Test if two BSTs are equal in Java

Question

I would like to test if two given BSTs (Binary Search Trees) are equal in Java. The BST nodes do not have pointers to the parent nodes.

The simplest solution is to traverse both BSTs, create two traversal lists and test if the lists are equal. However it requires O(N) memory.

I would like to try another way: create an Iterator, which traverses the BSTs, and ... the rest is obvious.

Does it make sense? Is there any "better" (simpler and efficient) solution to test if two BSTs are equal?

Answer 1

The easiest way could be, create a hash of both tree and then check whether they are equal or not. This only apply if the content of both tree are same as well.

How to create checksum and then compare those checksum.

http://www.mkyong.com/java/how-to-generate-a-file-checksum-value-in-java/

Answer 2

Implement a recursive equals() method.
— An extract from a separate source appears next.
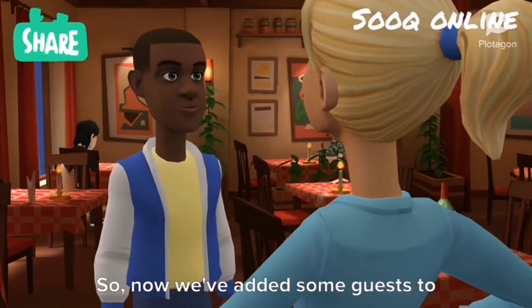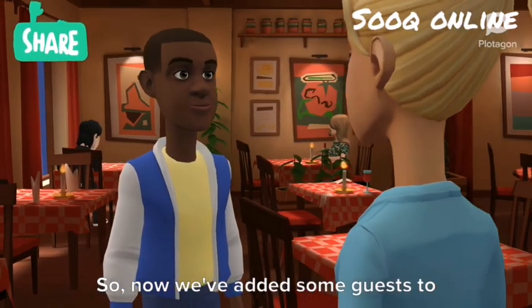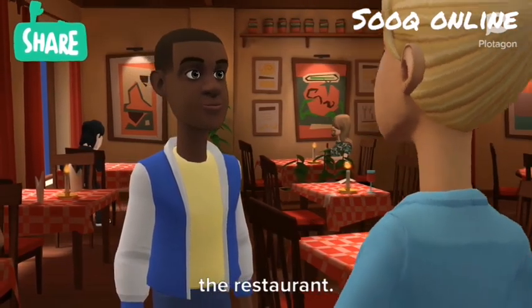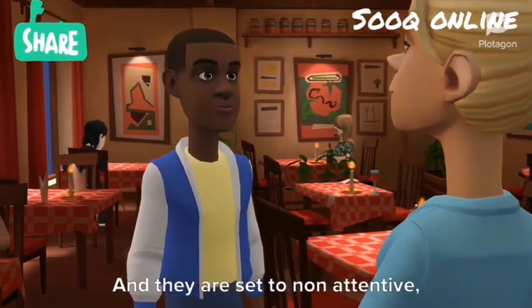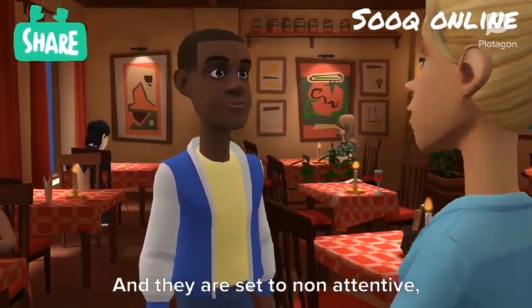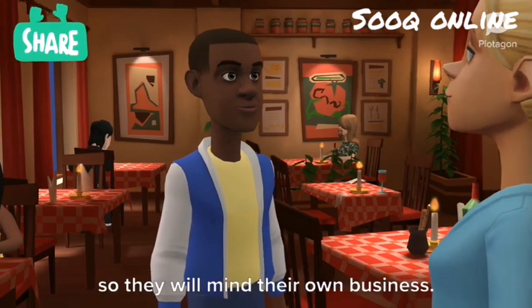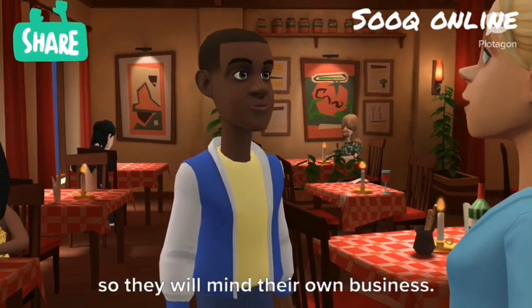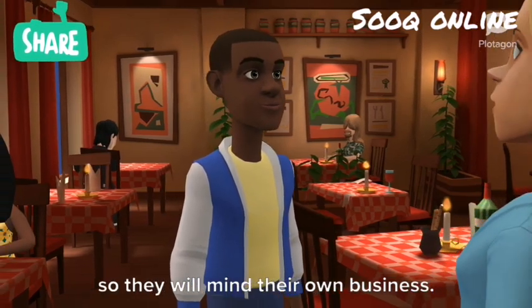Now we've added some guests to the restaurant, and they are set to non-attentive, so they will mind their own business.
It would require no memory, and would be easy to code.

Something like this should work:

public class Node {

    Object value;
    private Node left;
    private Node right;

    public boolean equals(Object o) {
        if (o instanceof Node) {
            Node node = (Node)o;
            if (value.equals(node.value)) {
                return true;
            }
            return ((left == null && node.left == null) || left.equals( node.left)) && 
                    ((right == null && node.right == null) || right.equals( node.right));
        }
        return false;
    }
}

Note that you should override hashCode() to reflect this implementation, so consider naming the above impl as equalsDeep() instead and skipping the hashCode() impl.

Answer 3

1. Binary search tree is a tree, right?

2. Two trees are equal if they have the same root and the same children.

3. Each child is also a tree.

4. See point 2.

Hint: recursion. The memory consumption is O(logn) (prove it yourself).